## Problem:
Only text belongs in your copy of the listing below; reproduce it exactly and leave out the pictures.

## Data to examine:
● ● ● ●
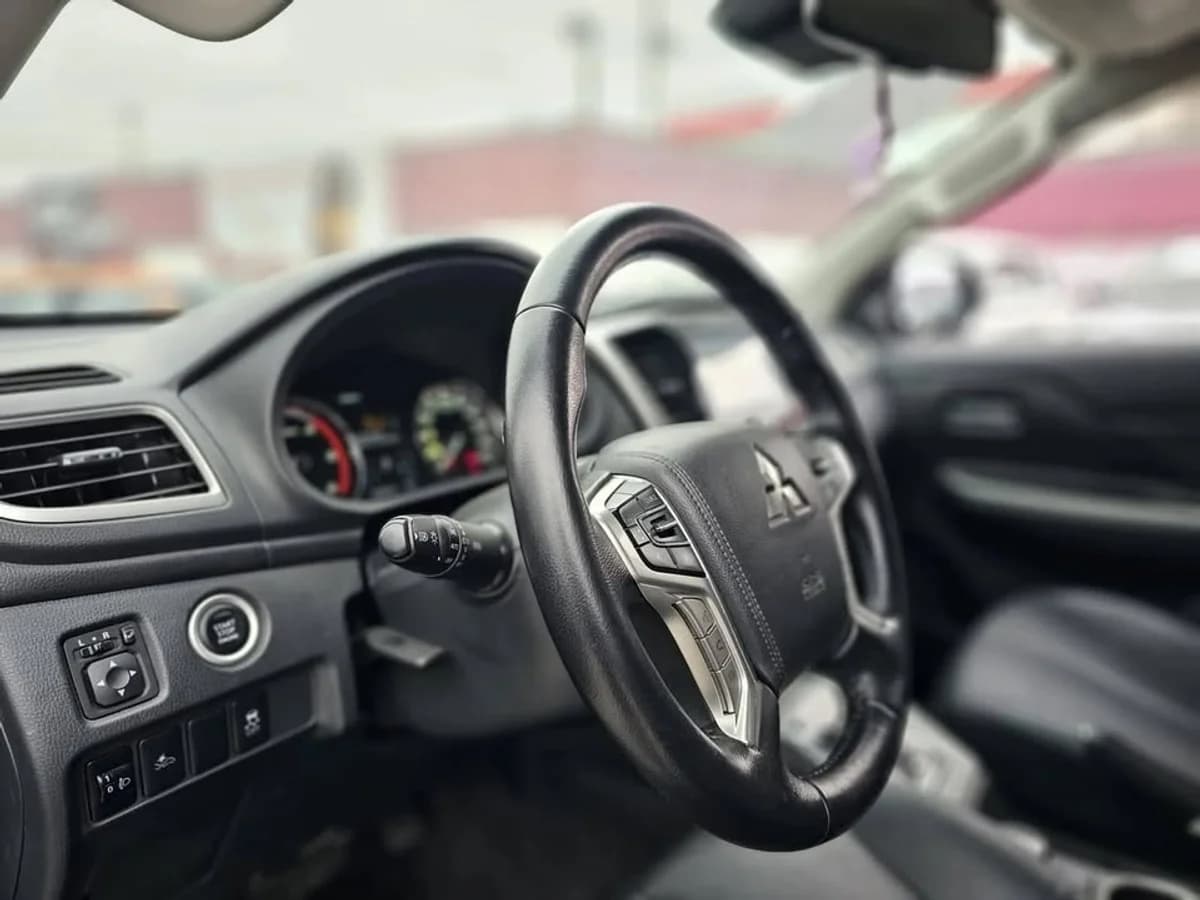 MITSUBISHI L200 DAKAR 4X4 - 2022 - Imagen 8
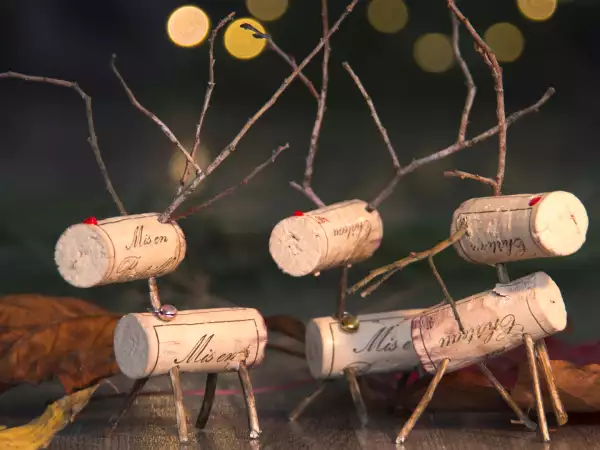 Mutfağınızda zaten bulunan (ve kullanmayı düşünmediğiniz) şeylerle Noel için dekorasyon yapın.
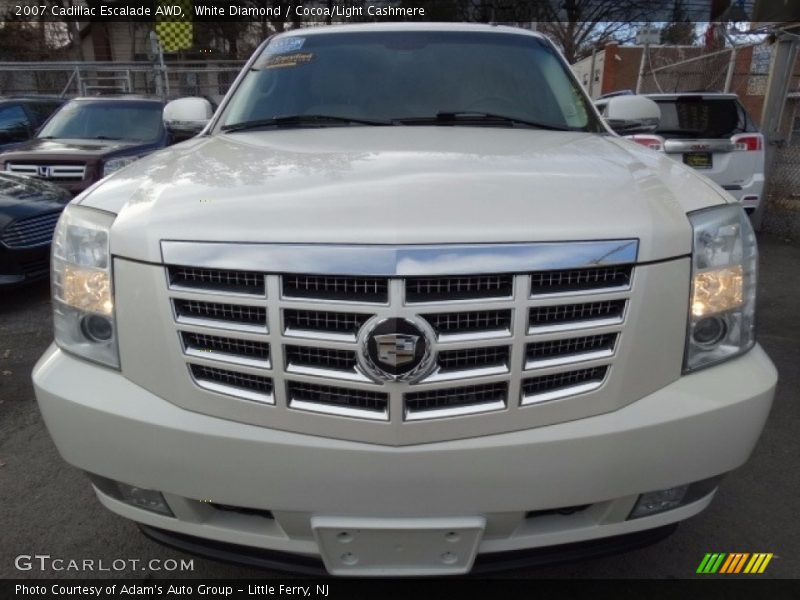 White Diamond / Cocoa/Light Cashmere 2007 Cadillac Escalade AWD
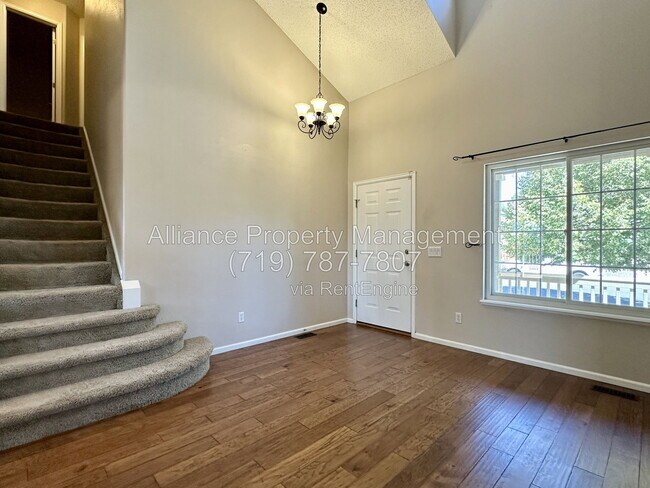 Building Photo - 965 Piros Dr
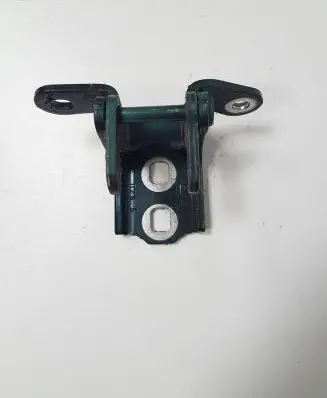 Opel Insignia A Rear door lower hinge A046574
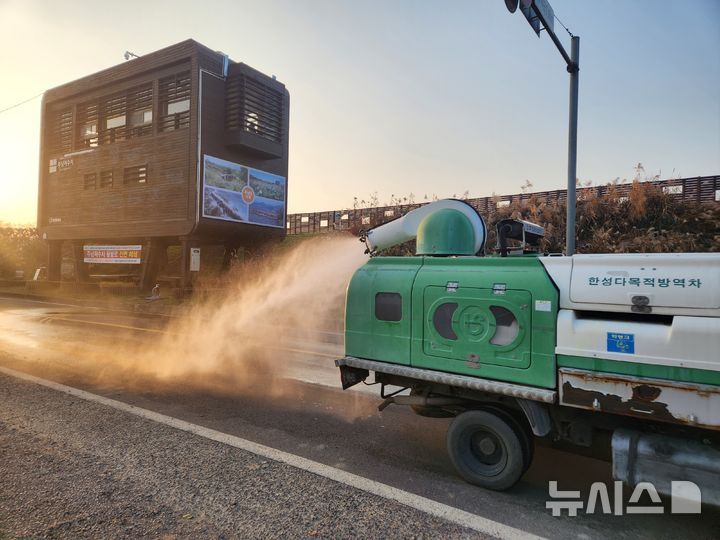 [창원=뉴시스]지난 20일 경남 창원특례시 의창구 주남저수지에서 발견된 야생조류 폐사체에 대한 정밀검사 결과 고병원성 조류인플루엔자(AI)가 검출되자 방역차량이 검출지 일대를 소독하고 있다.(사진=경남도 제공) 2026.01.25. photo@newsis.com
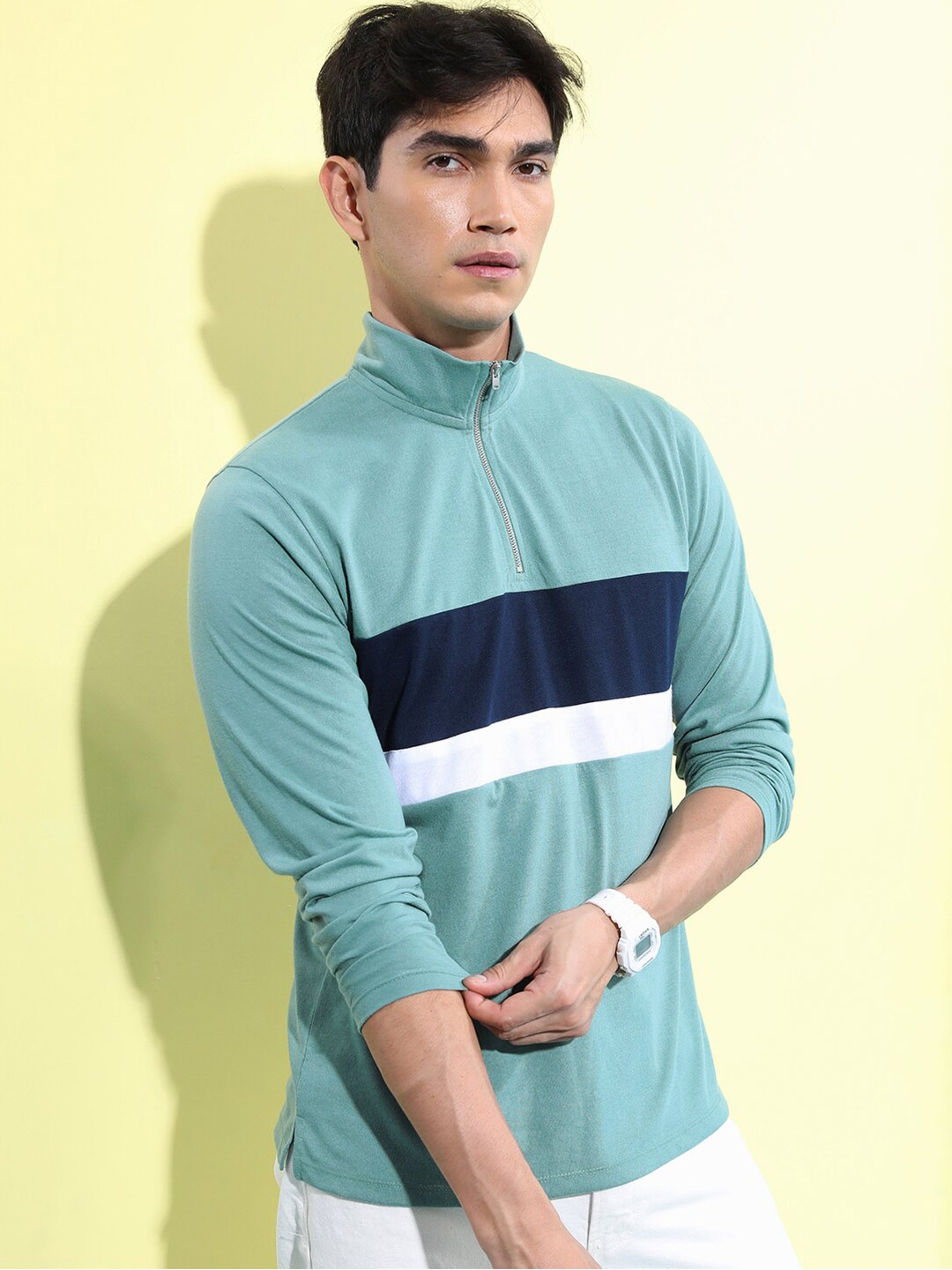 

HIGHLANDER Sea Green & Navy Blue Colourblocked Mock Collar T-shirt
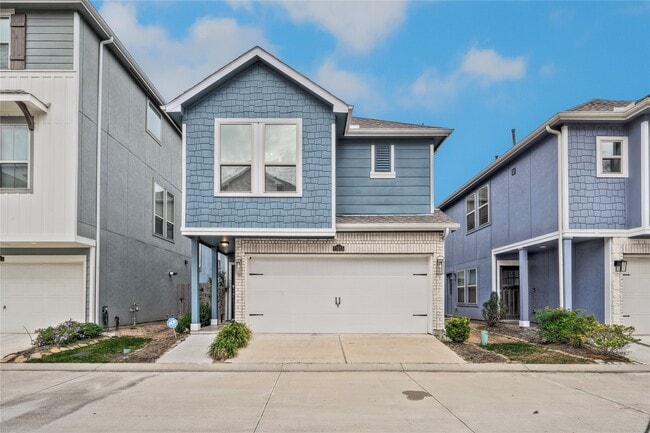 property at 11915 Oakmont Valley Trace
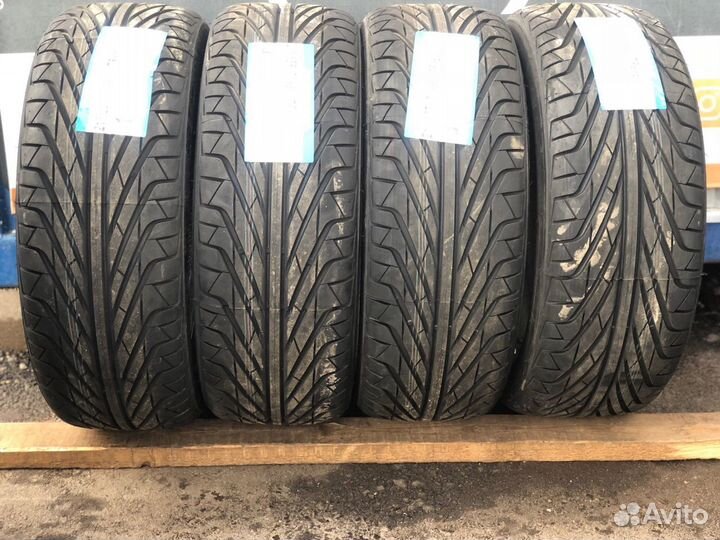 Triangle TR968 215/55 R17 98V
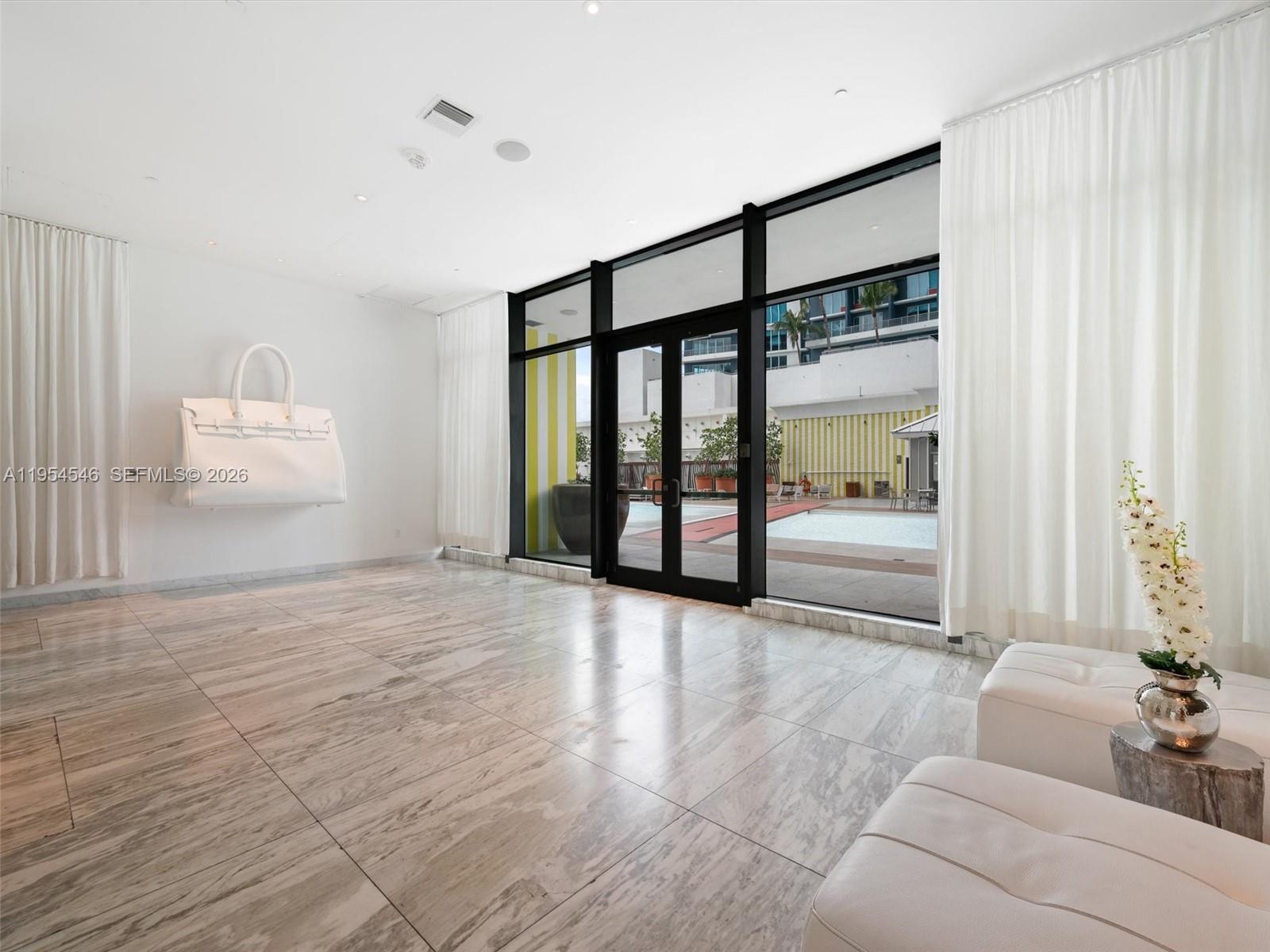 image Dua Miami (SLS Brickell)2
● ● ● ●
## Answer area:
 MITSUBISHI L200 DAKAR 4X4 - 2022 - Imagen 8
 Mutfağınızda zaten bulunan (ve kullanmayı düşünmediğiniz) şeylerle Noel için dekorasyon yapın.
 White Diamond / Cocoa/Light Cashmere 2007 Cadillac Escalade AWD
 Building Photo - 965 Piros Dr
 Opel Insignia A Rear door lower hinge A046574
 [창원=뉴시스]지난 20일 경남 창원특례시 의창구 주남저수지에서 발견된 야생조류 폐사체에 대한 정밀검사 결과 고병원성 조류인플루엔자(AI)가 검출되자 방역차량이 검출지 일대를 소독하고 있다.(사진=경남도 제공) 2026.01.25. photo@newsis.com

HIGHLANDER Sea Green & Navy Blue Colourblocked Mock Collar T-shirt
 property at 11915 Oakmont Valley Trace
 Triangle TR968 215/55 R17 98V
 image Dua Miami (SLS Brickell)2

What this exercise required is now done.